* Aim of the task
Set down, exactly as written, the line containing "Cushion Off White/Natural Herringbone" and all the lines that follow it to the end of the entries below, omitting every picture.

* Image-text web data
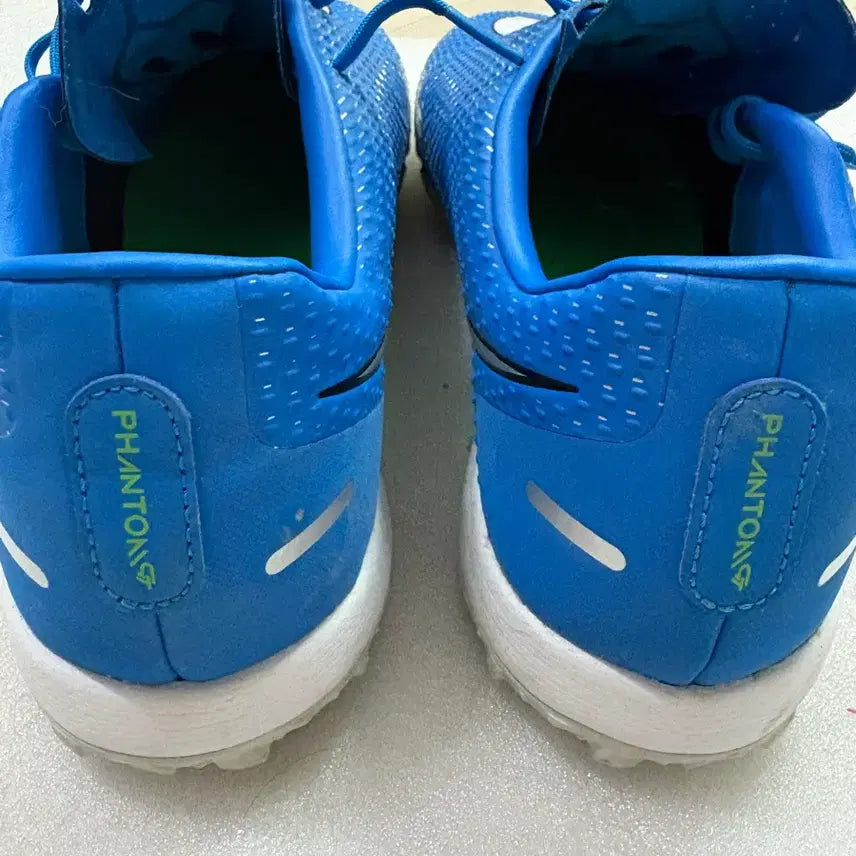 [BUNJANG] Nike Phantom Indoor Soccer Shoes (250) / 나이키 팬텀 풋살화 (250)
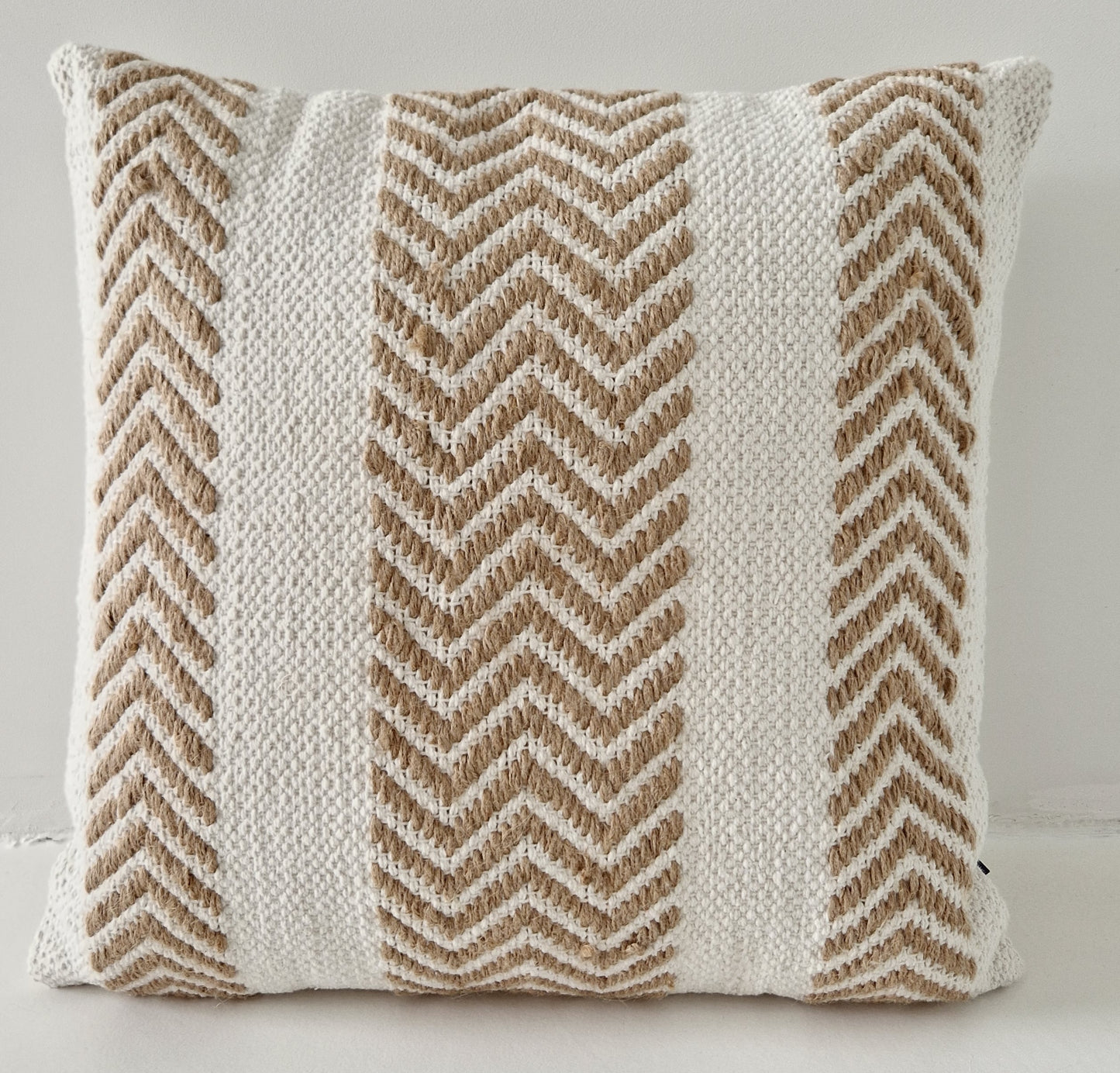 Cushion Off White/Natural Herringbone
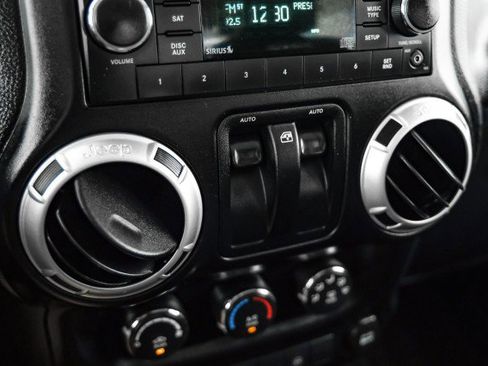 Used 2012 Jeep Wrangler Rubicon image 17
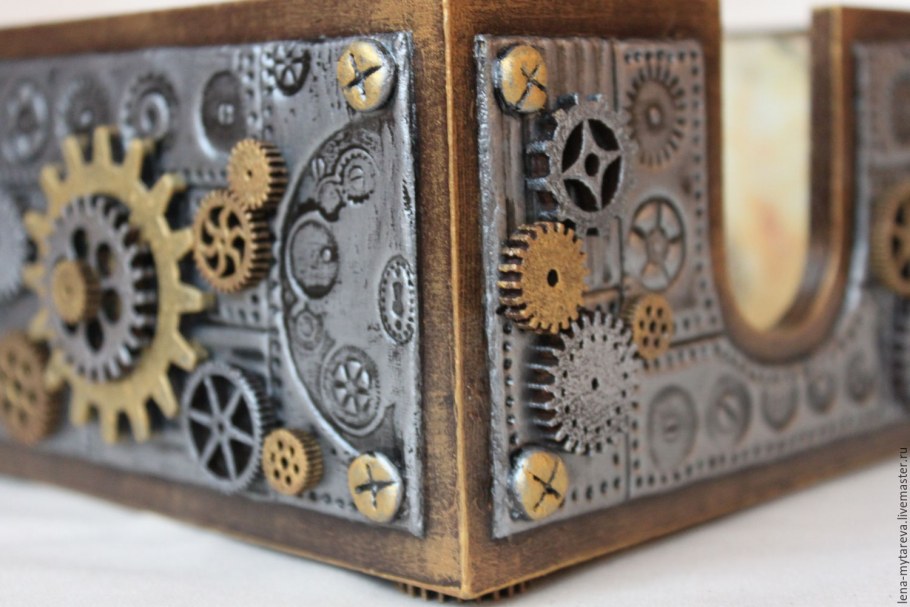 Ключница в стиле стимпанк
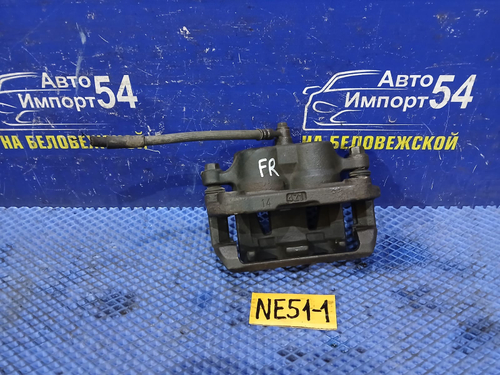 Суппорт тормозной передний правый NISSAN ELGRAND 2005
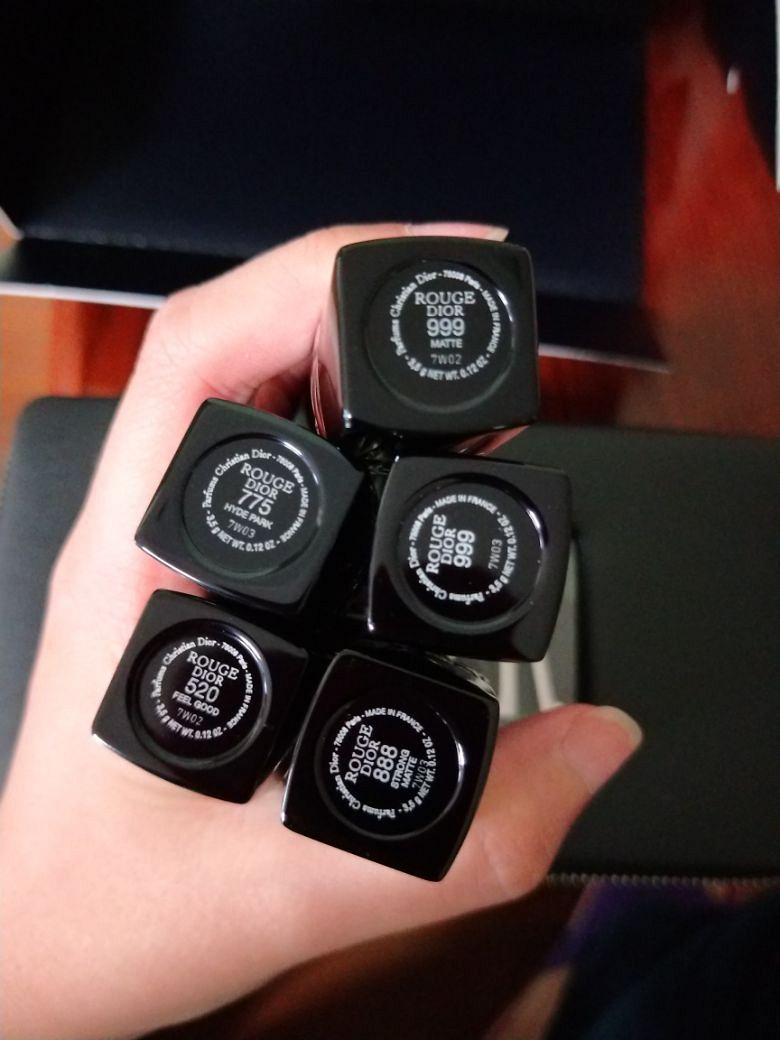 只有一只哦,纪梵希小羊皮305,海南免税店入的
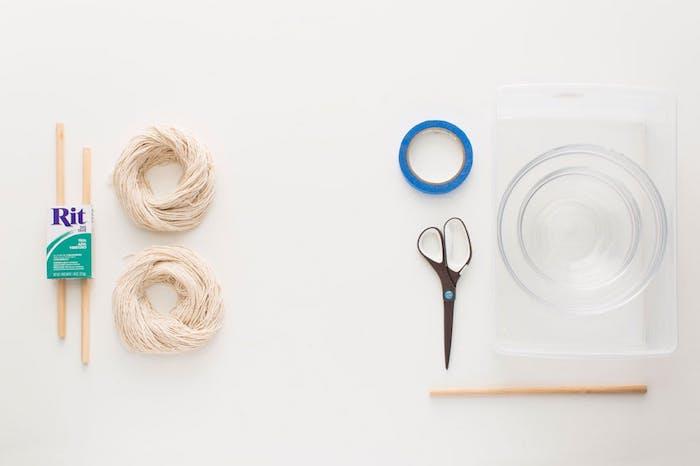material som behövs för att tillverka macrame, bomullssnöre, träschabloner, sax, glasskål, washi -tejp, textilfärg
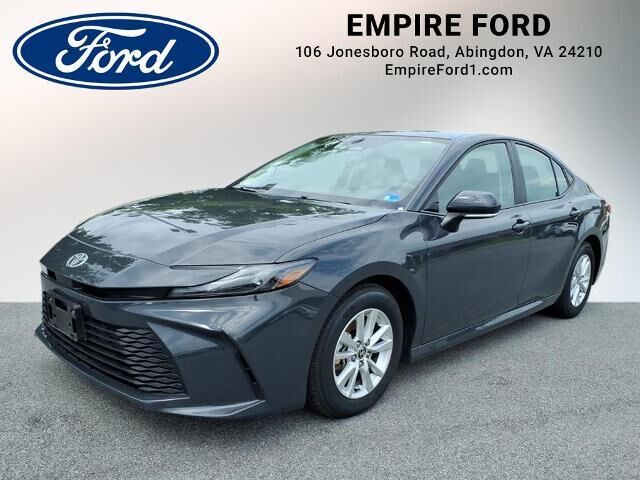 2025 Toyota Camry XLE — photo 1 of 12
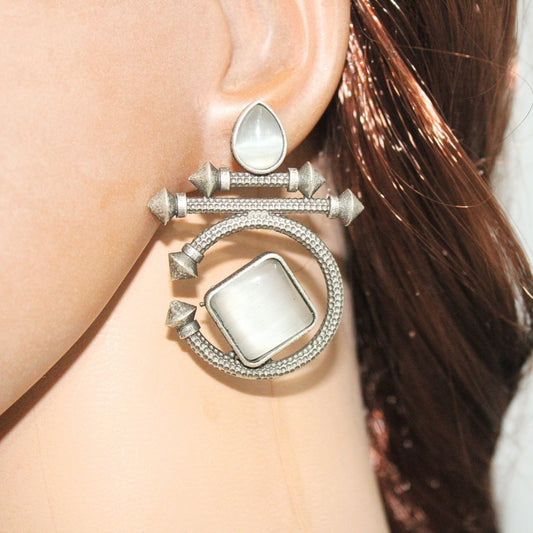 C - SHAPE STUD TYPE DANGLER - GREY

* Written solution
 Cushion Off White/Natural Herringbone
 Used 2012 Jeep Wrangler Rubicon image 17
 Ключница в стиле стимпанк
 Суппорт тормозной передний правый NISSAN ELGRAND 2005
 只有一只哦,纪梵希小羊皮305,海南免税店入的
material som behövs för att tillverka macrame, bomullssnöre, träschabloner, sax, glasskål, washi -tejp, textilfärg
 2025 Toyota Camry XLE — photo 1 of 12
 C - SHAPE STUD TYPE DANGLER - GREY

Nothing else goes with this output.